• _Task description_
Would it be possible to write out each entry below exactly, without the pictures?

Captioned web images
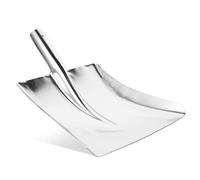 Luxshiny Strumento Per Neve e Raccolta Spazzatura in Metallo Senza Manico, Leggero e Compatto Per La Pulizia Domestica e Invernale, Apertura Ampia e Manico Staccabile Per Interni Ed Esterni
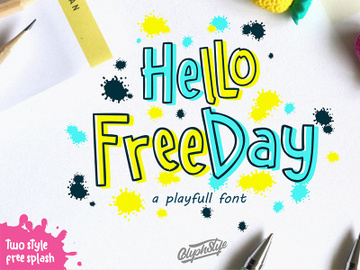 Hello Freeday Playful Font preview picture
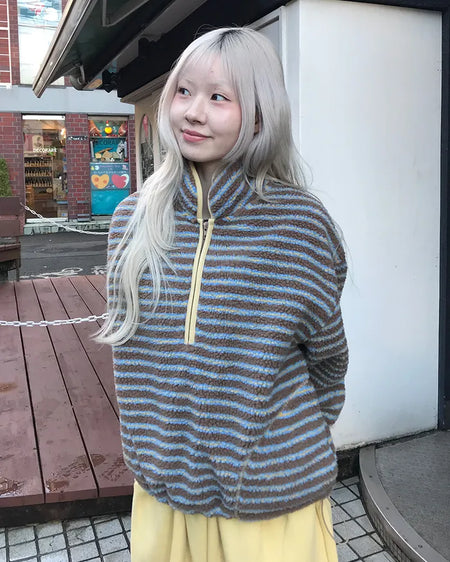 Half-zip border fleece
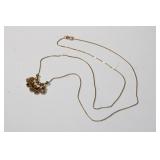 14kt yellow gold 25' Box Link Necklace with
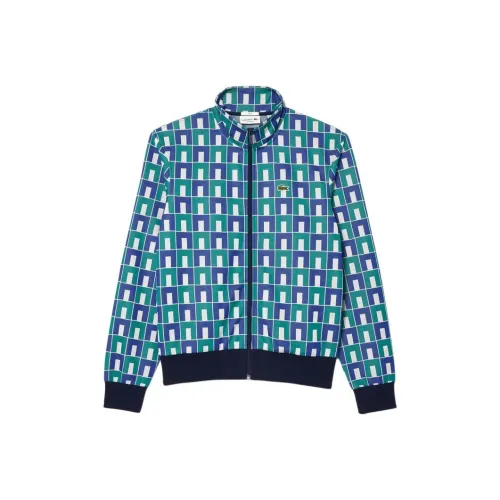 Куртки и пальто унисекс LACOSTE Collaboration синие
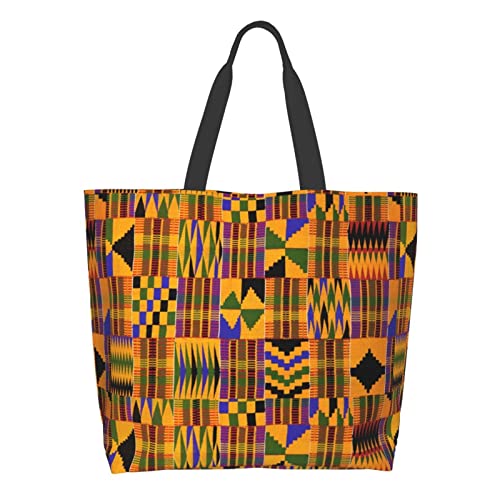 Image of African Ethnic Shoulder Tote Bags Tribe Casual Bag African Shoulder Handbags Shopping Handbag Grocery Bags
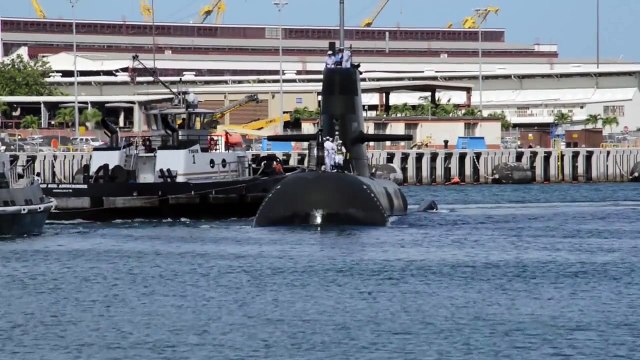 Australian Submarine HMAS Sheean Returns to Pearl Harbor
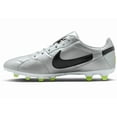 thumbnail image 3 of Nike Premier 3 FG Crampons de Soccer en Cuir Argent Blanc, 3 of 6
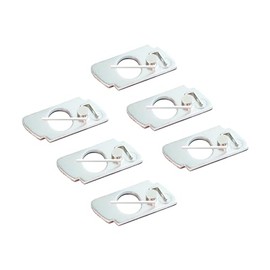 DEERACE 6pcs Arrow Rest Recurve Bow Arrow Rest Adhesive Back Hunting Shooting Targeting Accessory for Right or Left Hand (Metal-RH-Silver)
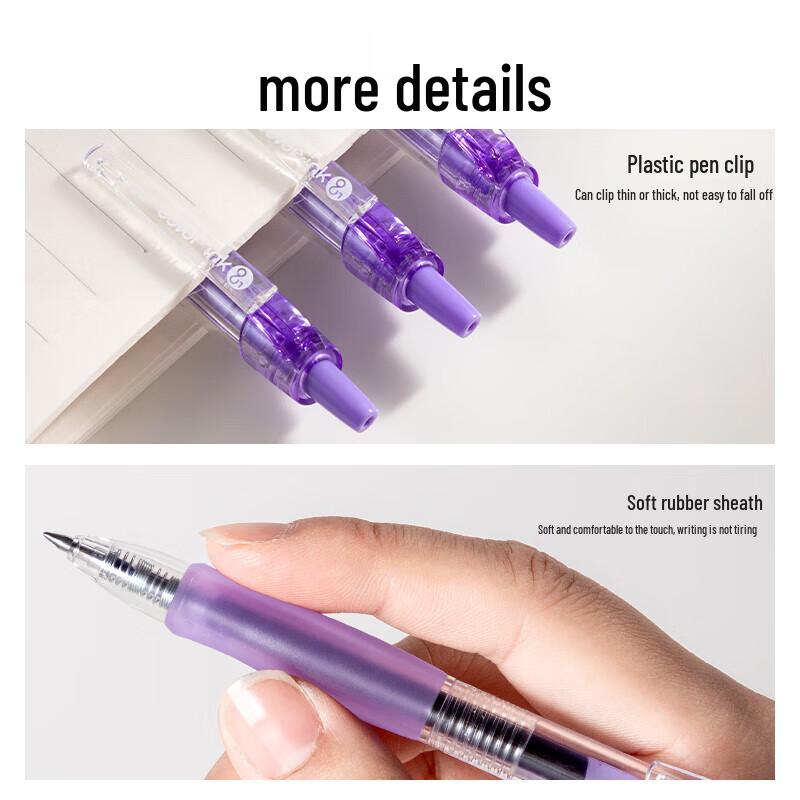 Deli 0.5mm Bullet Tip Retractable Gel Pen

• _Output for this exercise_
 Luxshiny Strumento Per Neve e Raccolta Spazzatura in Metallo Senza Manico, Leggero e Compatto Per La Pulizia Domestica e Invernale, Apertura Ampia e Manico Staccabile Per Interni Ed Esterni
 Hello Freeday Playful Font preview picture
 Half-zip border fleece
 14kt yellow gold 25' Box Link Necklace with
 Куртки и пальто унисекс LACOSTE Collaboration синие
 Image of African Ethnic Shoulder Tote Bags Tribe Casual Bag African Shoulder Handbags Shopping Handbag Grocery Bags
 Australian Submarine HMAS Sheean Returns to Pearl Harbor
 thumbnail image 3 of Nike Premier 3 FG Crampons de Soccer en Cuir Argent Blanc, 3 of 6
 DEERACE 6pcs Arrow Rest Recurve Bow Arrow Rest Adhesive Back Hunting Shooting Targeting Accessory for Right or Left Hand (Metal-RH-Silver)
 Deli 0.5mm Bullet Tip Retractable Gel Pen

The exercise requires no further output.